- Bhut Location in Punjab, India Bhut Bhut (India)
- Coordinates: 31°10′43″N 76°01′02″E﻿ / ﻿31.1786822°N 76.0172042°E
- Country: India
- State: Punjab
- District: Shaheed Bhagat Singh Nagar

Government
- • Type: Panchayat raj
- • Body: Gram panchayat
- Elevation: 254 m (833 ft)

Population (2011)
- • Total: 1,523
- Sex ratio 774/749 ♂/♀

Languages
- • Official: Punjabi
- Time zone: UTC+5:30 (IST)
- PIN: 144512
- Telephone code: 01884
- ISO 3166 code: IN-PB
- Post office: Kahma
- Website: nawanshahr.nic.in

= Bhut, Nawanshahr =

Bhut or Bhoot is a village in Shaheed Bhagat Singh Nagar district of Punjab State, India. It is located 1.6 km away from the postal head office at Kahma, 5.3 km from Banga, 11 km from district headquarters Shaheed Bhagat Singh Nagar and 101 km from the state capital of Chandigarh.

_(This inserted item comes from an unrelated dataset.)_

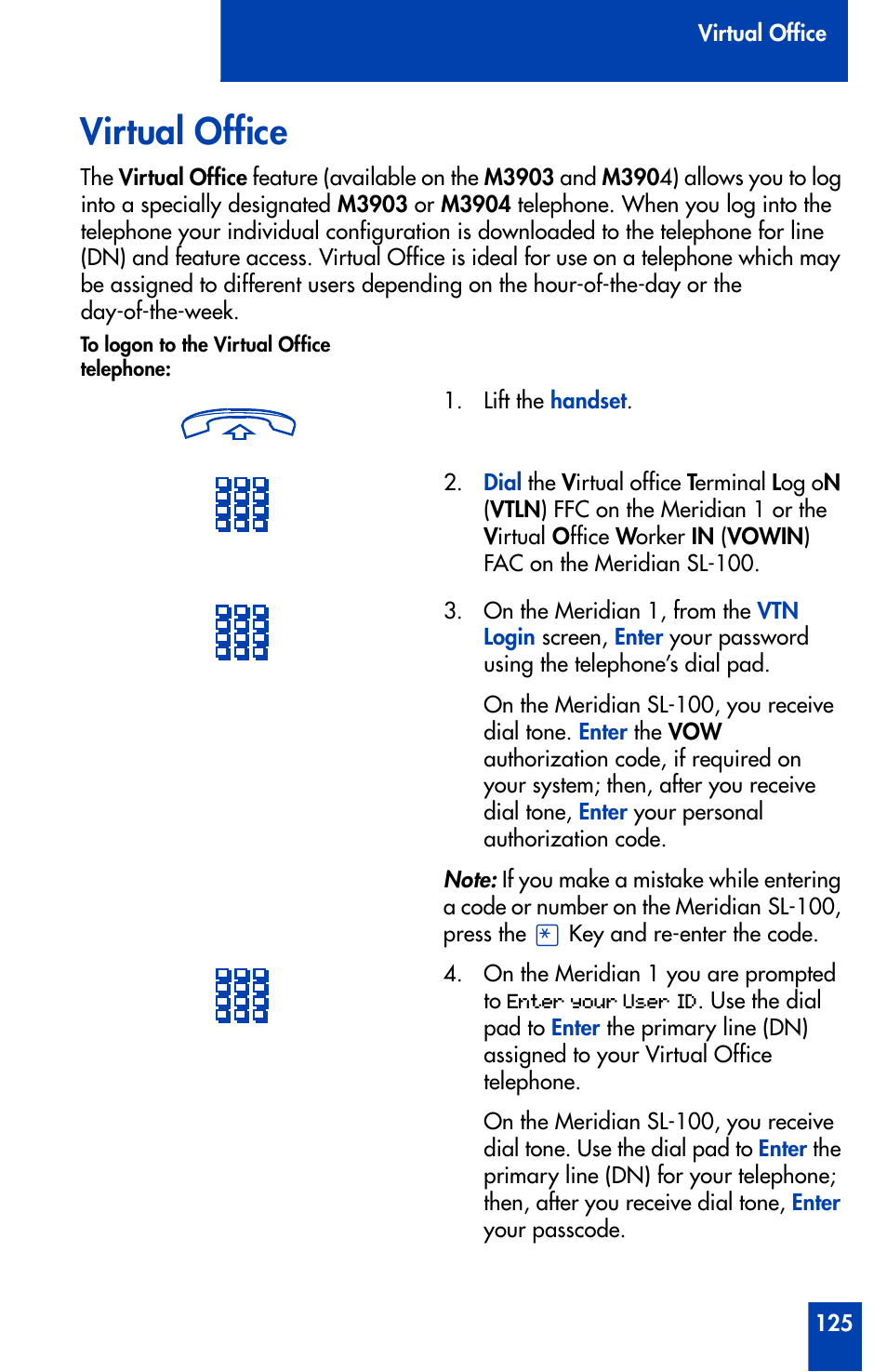 Virtual office | Nortel Networks Meridian M3902 User Manual | Page 125 / 146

The village is administrated by a Sarpanch, an elected representative of the village.

== Demography ==
As of 2011, Bhut has a total number of 321 houses and population of 1523, of which 774 include are males while 749 are females according to the report published by Census India in 2011. The literacy rate of Bhut is 80.03%, higher than the state average of 75.84%. The population of children under the age of 6 years is 146, which is 9.59% of total population of Bhut, and the child sex ratio is approximately 802 as compared to the Punjab state average of 846.

Most of the people are from Schedule Caste which constitutes 51.94% of the total population in Bhut. The town does not have any Schedule Tribe population so far.

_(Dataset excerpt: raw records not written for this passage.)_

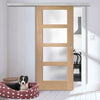 Premium Single Sliding Door & Wall Track - Shaker Oak 4 Pane Door - Obscure Glass - Prefinished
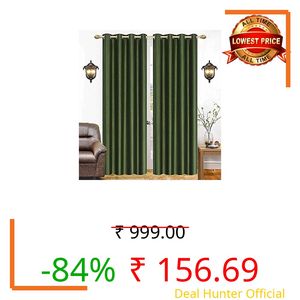 Kiara Creations Elegant Solid Semi-Sheer Curtains for Long Door- 8 Feet (Pack of 1) DarkGreen
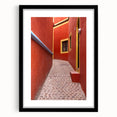 Abstract art print of Guanajuato, Mexico, featuring vibrant, colorful textures on a large framed canvas.
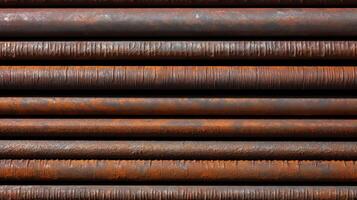 A close up of a stack of rusty pipes photo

As per the report published by Census India in 2011, 493 people were engaged in work activities out of the total population of Bhut which includes 415 males and 78 females. 76.88% of workers describe their work as main work and 23.12% workers are involved in marginal activity providing livelihood for less than 6 months.

== Education ==
The village has a Punjabi medium, co-ed primary school founded in 1953. The schools provide mid-day meal as per Indian Midday Meal Scheme. The school provide free education to children between the ages of 6 and 14 as per the Right of Children to Free and Compulsory Education Act.

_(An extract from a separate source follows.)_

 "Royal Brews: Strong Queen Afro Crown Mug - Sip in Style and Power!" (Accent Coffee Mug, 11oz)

Amardeep Singh Shergill Memorial college Mukandpur and Sikh National College Banga are the nearest colleges. Lovely Professional University is 36.5 km away from the village.

== Transport ==
Banga railway station is the nearest train station; however, Garhshankar Junction railway station is 14 km away from the village. Sahnewal Airport is the nearest domestic airport, which is located 66 km away in Ludhiana and the nearest international airport is located in Chandigarh. Sri Guru Ram Dass Jee International Airport is the second nearest airport which is 145 km away in Amritsar.